Nvidia and its swollen market cap narrowly topped estimates in results released after the bell on Wednesday.
Jensen Huang was his enthusiastic self. Blackwell, he proclaimed, is what the “world’s been waiting for.”
That’s a real quote. I suppose it’s true, but it nevertheless feels a bit overwrought even in the context of technological epochs. I doubt too many everyday people wake up every morning and say to their significant other, “Darling, if I have to wait another day on Blackwell Ultra I fear I might lose my mind.”
But if that’s you, don’t worry: Jensen’s ramping production of his “exceptional generational leap” at “full speed.” Demand, he enthused, is “extraordinary.”
As for the company’s results, they were extraordinary too on any objective measure. But as ever, it’s difficult to know if Nvidia’s cleared the bar, residing as expectations do above the clouds, in the stratosphere.

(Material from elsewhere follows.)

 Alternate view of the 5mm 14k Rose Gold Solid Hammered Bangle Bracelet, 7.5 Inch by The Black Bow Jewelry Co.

Q2 sales of $46.7 billion topped consensus, but only barely. Analysts were looking for $46.2 billion.
The YoY revenue growth rate in the quarter just ended was 56%. That still counts as rapid (particularly considering the base), but it counted as the slowest since Huang’s “quarter heard ’round the world” two years ago.
The current-quarter sales guide was good, but good isn’t necessarily good enough when you’re Nvidia. The company sees $54 billion (plus or minus 2%) in revenue for Q3. That was basically in-line.

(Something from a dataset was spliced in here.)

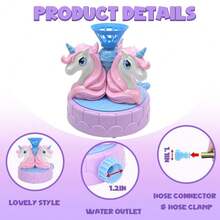 Children's Outdoor Baseball Sprinkler Toy, Kids Toys, Backyard Pink 360 Degree Rotating Unicorn Children's Sprinkler Toy - Summer Outdoor Toy With Garden Hose Sprinkler Toy 3 4 5 6 7 8 Year Old Boys And Girls Gift - Baby Pink - View 2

If realized, sales growth would be more or less unchanged at 54% this quarter.
Notably, the guide assumes no H20 shipments to China. And none were made in Q2, although the company said it was able to record a $180 million benefit from “the release of previously-reserved H20 inventory” tied to “unrestricted” sales of the chip to “a customer outside of China.”
Investors were keen for any insight into what, exactly, is going on with Nvidia’s China business since Huang successfully lobbied Donald Trump for an export license by — and I’m not sure there’s a polite way to say this — offering to pay the US government for the privilege of shipping semi-obsolete AI chips to Xi Jinping.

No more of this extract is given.